Researchers at Harvard University's John A. Paulson School of Engineering and Applied Sciences have developed a technique to quickly change the opacity of a window, turning it cloudy, clear or somewhere in between with the flick of a switch.

Tunable windows aren’t new, but most previous technologies have relied on electrochemical reactions achieved through expensive manufacturing. The new technology, developed by David Clarke, professor of materials, and postdoctoral fellow Samuel Shian, uses geometry to adjust the transparency of a window.

The researchers say the new technology is scalable for larger architectural projects. Image credit: Pixabay.The tunable window is comprised of a sheet of glass or plastic sandwiched between transparent, soft elastomers sprayed with a coating of silver nanowires too small to scatter light on their own.

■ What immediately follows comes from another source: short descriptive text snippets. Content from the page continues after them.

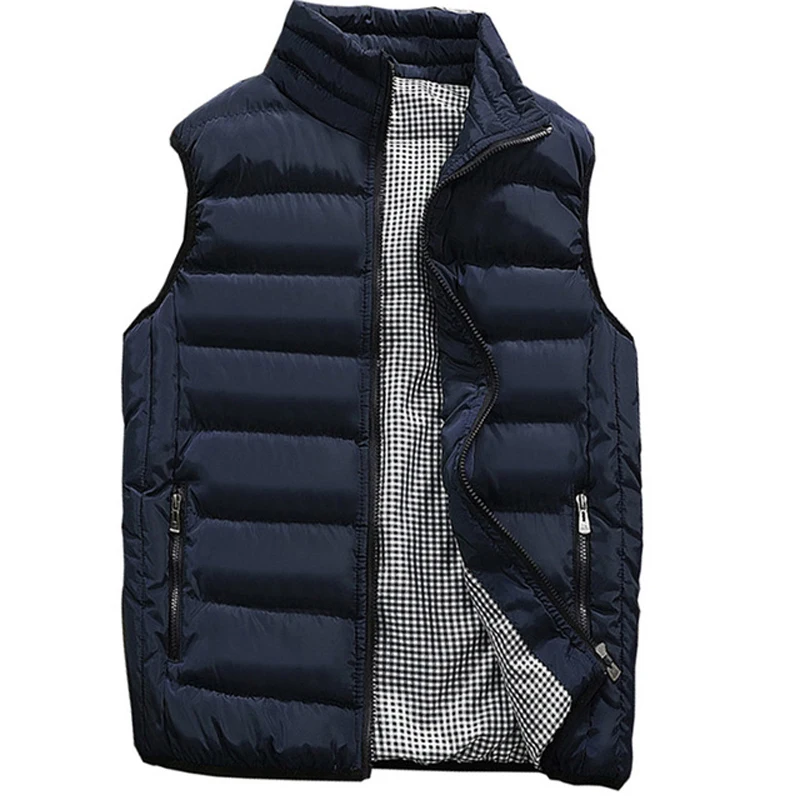 Goedkoop Casual Vest Mannen Herfst Winter Jassen Dikke Vesten Man Mouwloze Jassen Man Warme Katoen Gewatteerde Vest mannen gilet veste hommes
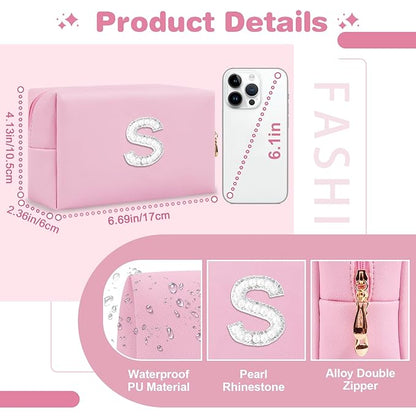 ChaoGreat Bride Gifts – Personalized Initial Makeup Bag with Pearl Rhinestone Patch, Preppy Pink Monogram Cosmetic/Toiletry Pouch, bridesmaid Gifts, Bridal Shower Gifts, Wedding Gifts, Bridal Gifts,S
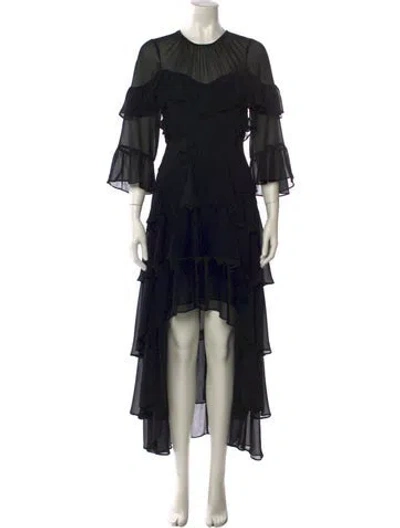 Pre-owned Allsaints Crew Neck Long Dress In Black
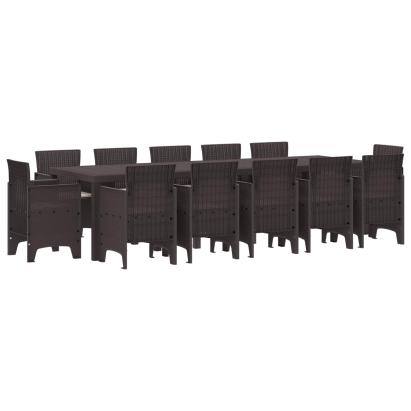 Set de masă pentru grădină 13 pcs Maro și taupe Rattan poli GartenMobel Dekor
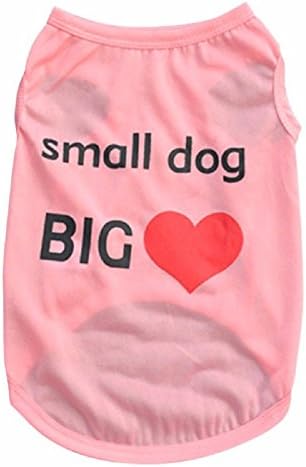 Dog Clothes For Small Dogs Pattern Small Dog Sweater Spring Summer Top T-Shirt Vest Clothes Pet Costumes (M, Pink)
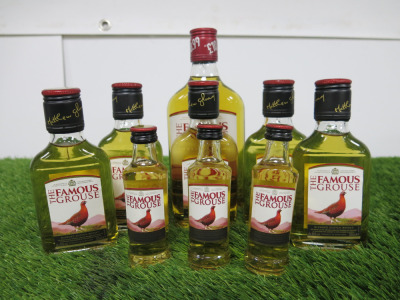 9 x Bottles of Famous Grouse Blended Scotch Whisky to Include: 1 x 35cl, 5 x 10cl, 3 x 5cl.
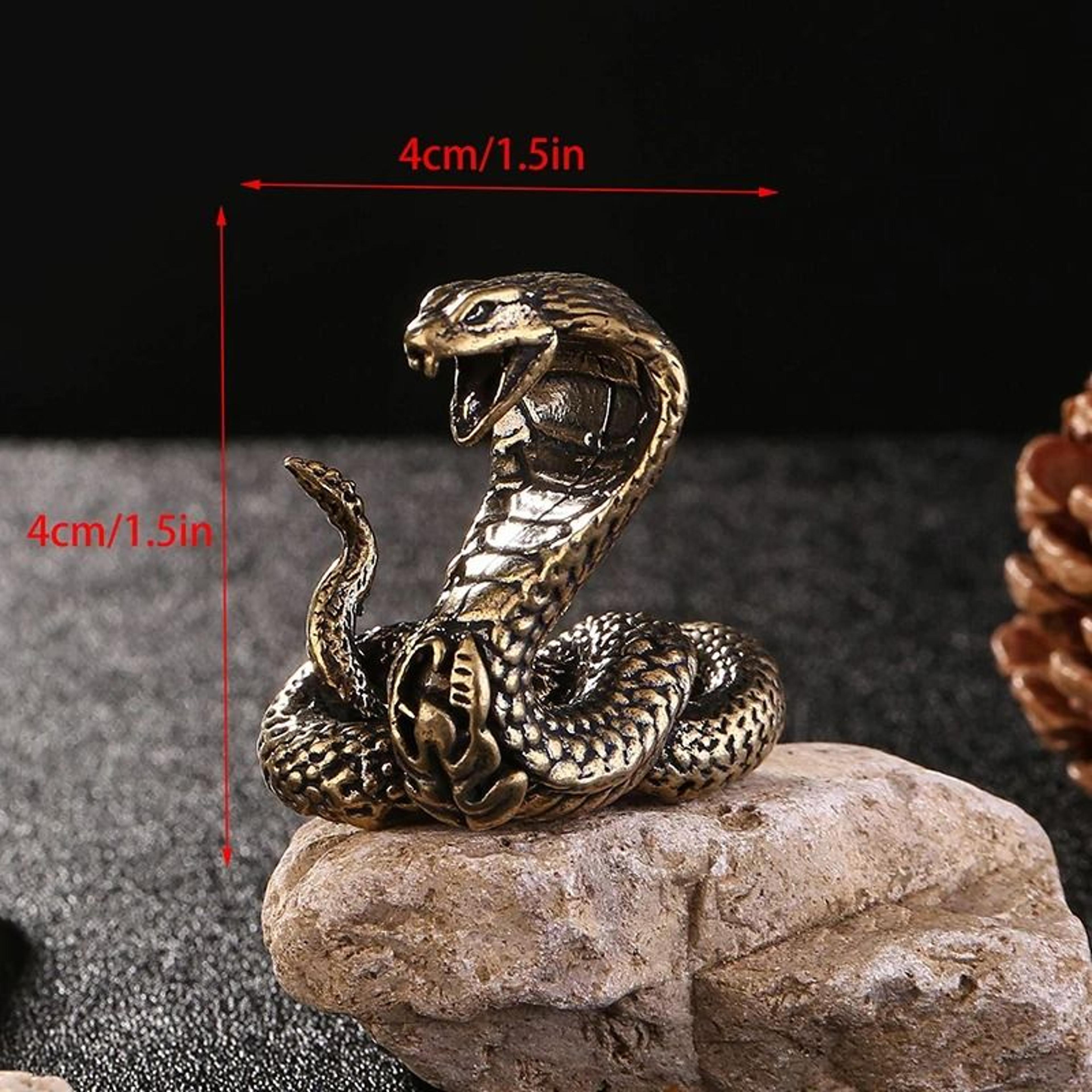 Antique Brass Mini Snake Figurine Decorative Bronze Desk Ornament 1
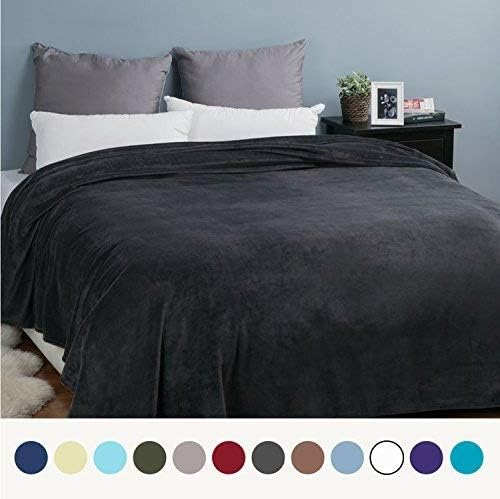 Bedsure GentleSoft Fleece Throw Blanket Dark Grey
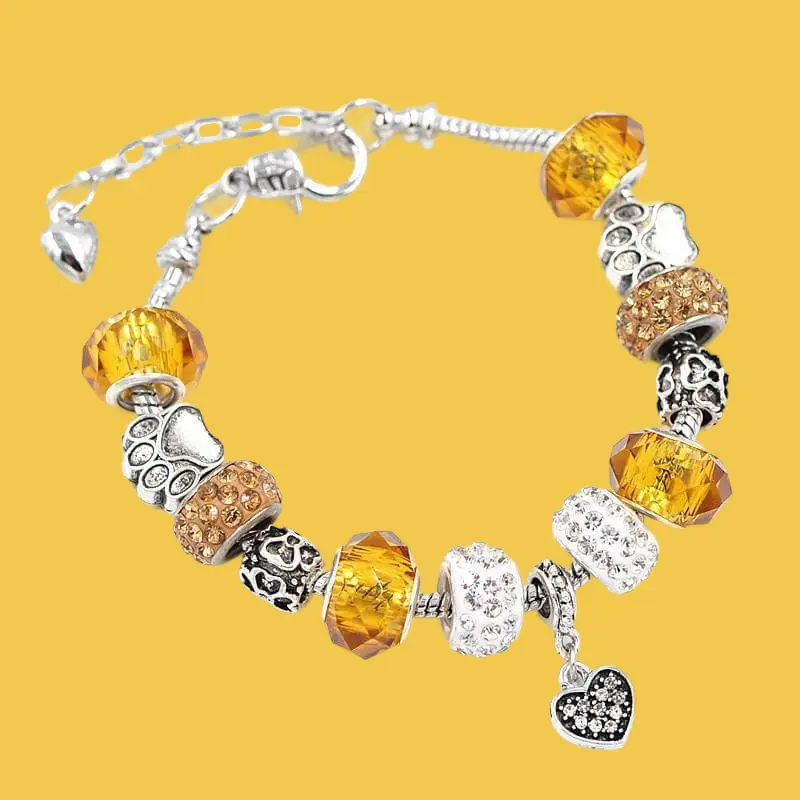 yellow charm bracelet
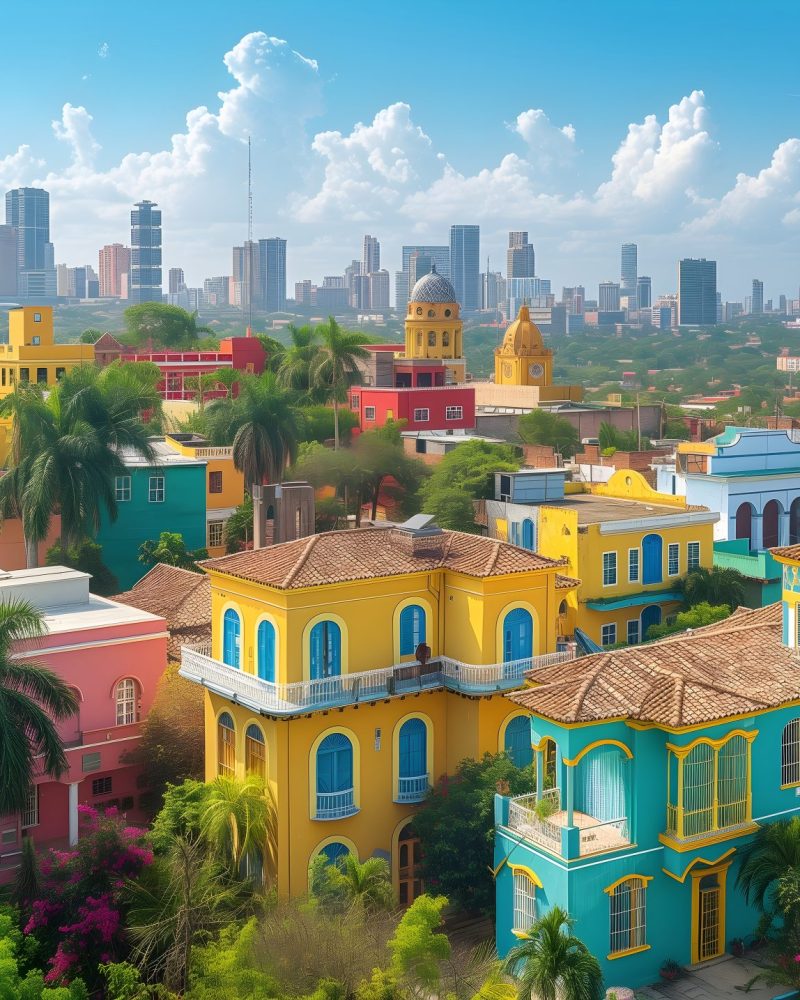 A cityscape of Santo Domingo under the sunlight and a blue sky in the Dominican Republic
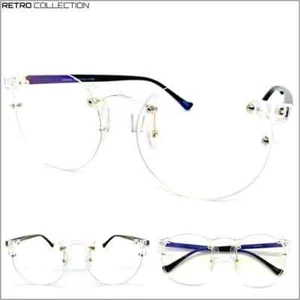 Men Women Classic VINTAGE RETRO Style Clear Lens EYE GLASSES Large Rimless Frame - Picture 1 of 8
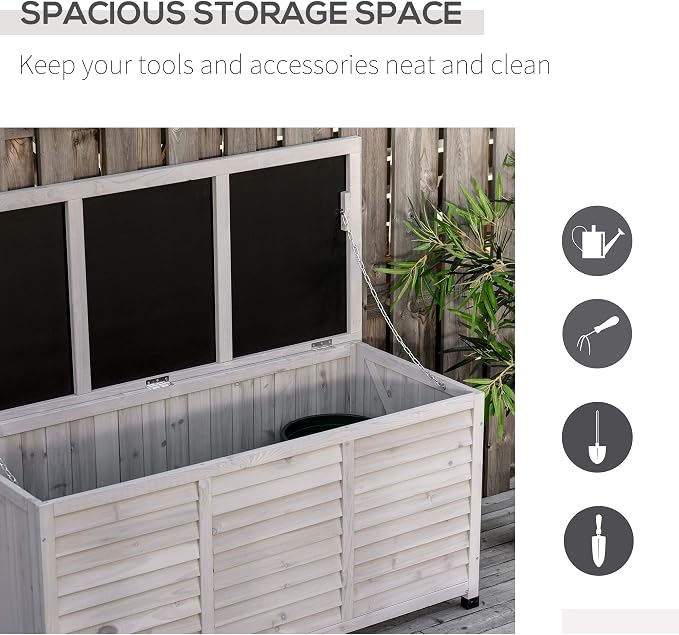 75 Gallon Wooden Deck Box, Outdoor Storage Container with Aerating Gap Weather Fighting, Grey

With an applied voltage, the nanowires on each side of the glass are energized to move toward each other, squeezing and deforming the soft elastomer. Because the nanowires are distributed unevenly across the surface, the elastomer deforms unevenly. The resulting unevenness/roughness causes light to scatter, turning the glass opaque in less than a second.

It’s like a frozen pond, says Shian. “If the frozen pond is smooth, you can see through the ice. But if the ice is heavily scratched, you can’t see through," he says.

Clarke and Shian found that the roughness of the elastomer surface depends on the voltage. To make the window only light clouded, less voltage is applied than if a totally opaque window is desired.

“Because this is a physical phenomenon rather than based on a chemical reaction, it is a simpler and potentially cheaper way to achieve commercial tunable windows,” says Clarke.

Current chemical-based controllable windows use vacuum deposition to coat the glass, a process that deposits layers of a material molecule by molecule. It is an expensive and painstaking manufacturing process. In Clarke and Shian’s method, the nanowire layer can be sprayed or peeled onto the elastomer, making the technology scalable for larger architectural projects.

Next, the team is working on incorporating thinner elastomers, which would require lower voltages more suited for standard electronical supplies. In the meantime, Harvard’s Office of Technology Development has filed a patent application on the technology and is engaging with potential licensees in the glass manufacturing industry.